The local rating agency said Islamic banking continued to expand at a much faster pace than conventional loans last year, coming in at 11% compared with the latter's 3.3% growth. It grew 10.3% in 2017.
For 2019, RAM is maintaining a stable outlook on the Malaysian Islamic banking sector, in line with its view on the overall domestic banking system.
"However, it may take longer to achieve Bank Negara Malaysia's 40% target for Islamic financing as a proportion of the overall system's loans by 2020," it said in the latest edition of its annual publication called "Islamic Banking Insight" today.
As at end-January 2019, Islamic financing comprised 32% of the overall system's loans.
While it may require more time to attain the targeted 40%, RAM co-head of financial institution ratings Wong Yin Ching said the Islamic banking industry has come a long way in terms of maturity and breadth.
Meanwhile, RAM noted that the asset-quality indicators of Islamic banks have remained relatively benign, with a gross impaired financing (GIF) ratio of 1.2% as at end-January 2019 and an annualised credit cost ratio of 27 basis points in the first nine months of 2018.
"That said, we note an uptrend in the absolute GIF of Islamic banks, which increased 13% in 2018," it said.
"On the other hand, the implementation of Malaysian Financial Reporting Standards 9 has bolstered loss-absorption buffers; the Islamic system's GIF coverage ratio had improved to 103% as at end-January 2019 from 89% as at end-December 2017.

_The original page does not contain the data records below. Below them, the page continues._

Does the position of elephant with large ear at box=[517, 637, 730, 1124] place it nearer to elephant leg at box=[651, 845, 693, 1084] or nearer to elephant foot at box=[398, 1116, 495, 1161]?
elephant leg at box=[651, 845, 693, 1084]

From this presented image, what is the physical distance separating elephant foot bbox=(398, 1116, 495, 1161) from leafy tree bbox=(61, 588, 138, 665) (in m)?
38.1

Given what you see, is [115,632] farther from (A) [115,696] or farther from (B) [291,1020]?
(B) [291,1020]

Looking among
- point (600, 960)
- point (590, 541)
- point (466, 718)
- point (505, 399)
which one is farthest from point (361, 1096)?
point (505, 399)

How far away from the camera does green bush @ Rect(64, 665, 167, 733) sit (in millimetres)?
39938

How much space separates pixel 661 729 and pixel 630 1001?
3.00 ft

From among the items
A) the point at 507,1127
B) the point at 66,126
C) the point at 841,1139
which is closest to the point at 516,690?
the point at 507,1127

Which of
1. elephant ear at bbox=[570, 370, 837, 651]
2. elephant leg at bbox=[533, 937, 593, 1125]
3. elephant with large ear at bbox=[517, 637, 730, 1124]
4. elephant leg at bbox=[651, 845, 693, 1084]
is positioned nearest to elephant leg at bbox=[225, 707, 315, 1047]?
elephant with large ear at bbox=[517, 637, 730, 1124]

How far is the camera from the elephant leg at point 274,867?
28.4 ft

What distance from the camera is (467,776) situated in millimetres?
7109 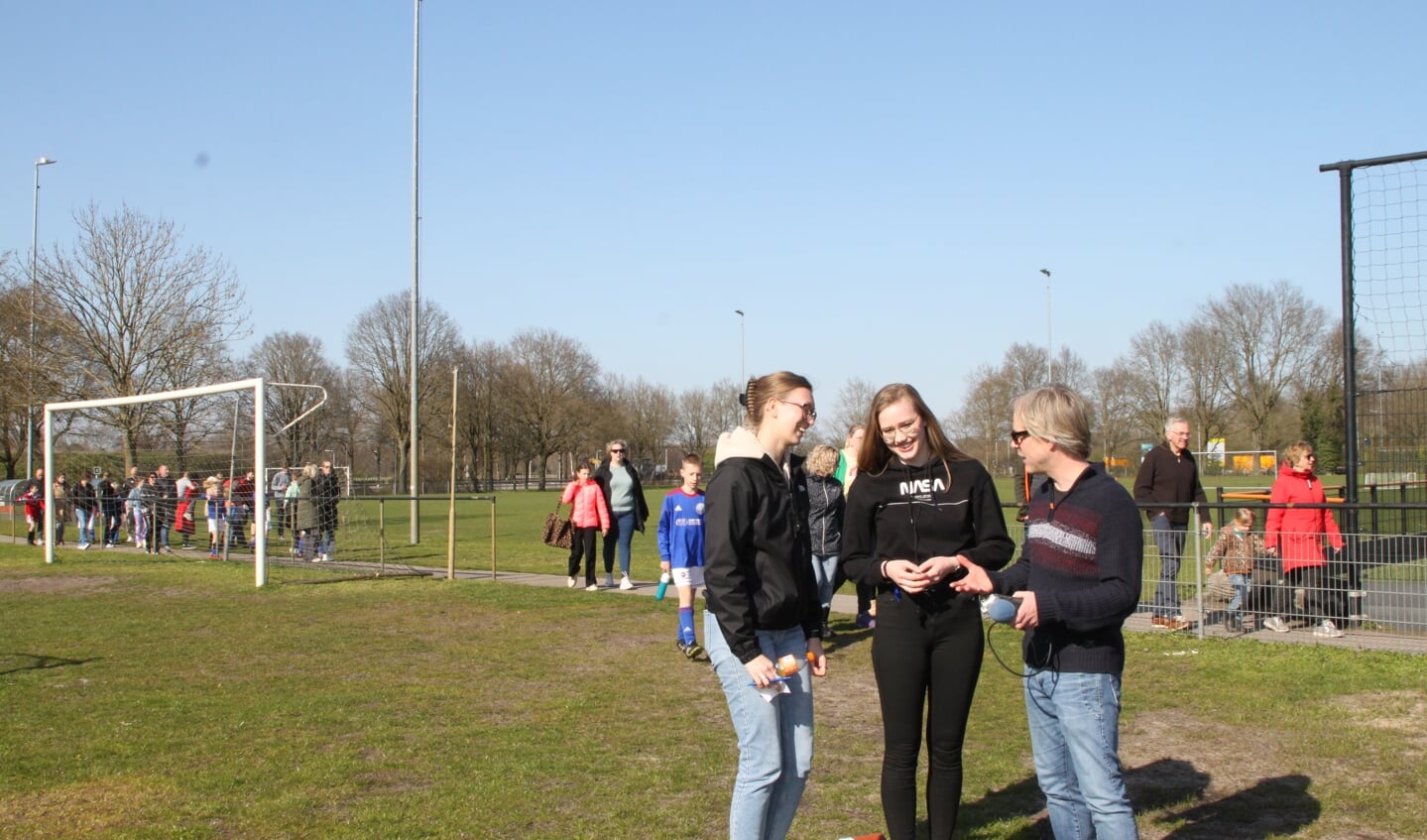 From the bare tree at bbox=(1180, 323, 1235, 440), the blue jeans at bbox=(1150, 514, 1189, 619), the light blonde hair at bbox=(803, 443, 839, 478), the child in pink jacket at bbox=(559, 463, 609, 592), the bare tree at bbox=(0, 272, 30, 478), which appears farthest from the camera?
the bare tree at bbox=(1180, 323, 1235, 440)

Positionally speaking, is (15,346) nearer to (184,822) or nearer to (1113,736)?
(184,822)

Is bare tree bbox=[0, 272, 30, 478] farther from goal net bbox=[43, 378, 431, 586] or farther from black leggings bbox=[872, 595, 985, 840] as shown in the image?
black leggings bbox=[872, 595, 985, 840]

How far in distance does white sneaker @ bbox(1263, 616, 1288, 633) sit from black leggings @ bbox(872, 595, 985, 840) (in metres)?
6.58

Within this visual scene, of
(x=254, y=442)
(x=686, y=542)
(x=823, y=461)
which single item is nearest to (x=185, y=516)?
(x=254, y=442)

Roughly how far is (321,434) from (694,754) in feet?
196

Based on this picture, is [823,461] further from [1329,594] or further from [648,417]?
[648,417]

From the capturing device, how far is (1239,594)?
9.98 m

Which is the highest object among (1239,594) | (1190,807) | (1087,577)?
(1087,577)

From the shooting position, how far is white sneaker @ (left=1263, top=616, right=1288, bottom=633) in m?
9.73

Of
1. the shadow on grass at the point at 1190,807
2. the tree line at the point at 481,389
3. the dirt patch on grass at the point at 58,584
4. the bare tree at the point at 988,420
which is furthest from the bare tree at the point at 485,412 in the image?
the shadow on grass at the point at 1190,807

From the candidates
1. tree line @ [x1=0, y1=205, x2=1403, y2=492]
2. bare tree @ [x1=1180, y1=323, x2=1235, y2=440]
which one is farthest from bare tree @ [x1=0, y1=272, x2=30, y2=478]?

"While the moderation in economic growth may affect borrowers' repayment capabilities and thus lead to an uptick in impairments, the asset quality of the Islamic banking industry is unlikely to deteriorate significantly," added RAM.
Last year, the Islamic banking system's deposits grew 12.4%, slightly slower than the 14.2% growth recorded in 2017.
"The bulk of the expansion stemmed from fixed deposits as banks are bracing for the implementation of the net stable funding ratio (NSFR) requirement.
"Despite the deferred adoption of the NSFR, margin pressure is unlikely to ease amid the ongoing keen competition for retail and small and medium enterprise deposits, as banks keep building up their funding bases. However, the overall outlook on profitability remains stable as banks keep a tight rein on operating expenses," RAM co-head of financial institution ratings Sophia Lee said.
The industry's liquidity coverage ratio stood at 143% as at end-January 2019. The Islamic banking system also remained well capitalised, with common equity tier-1 and total capital ratios of 13.3% and 17.6% respectively.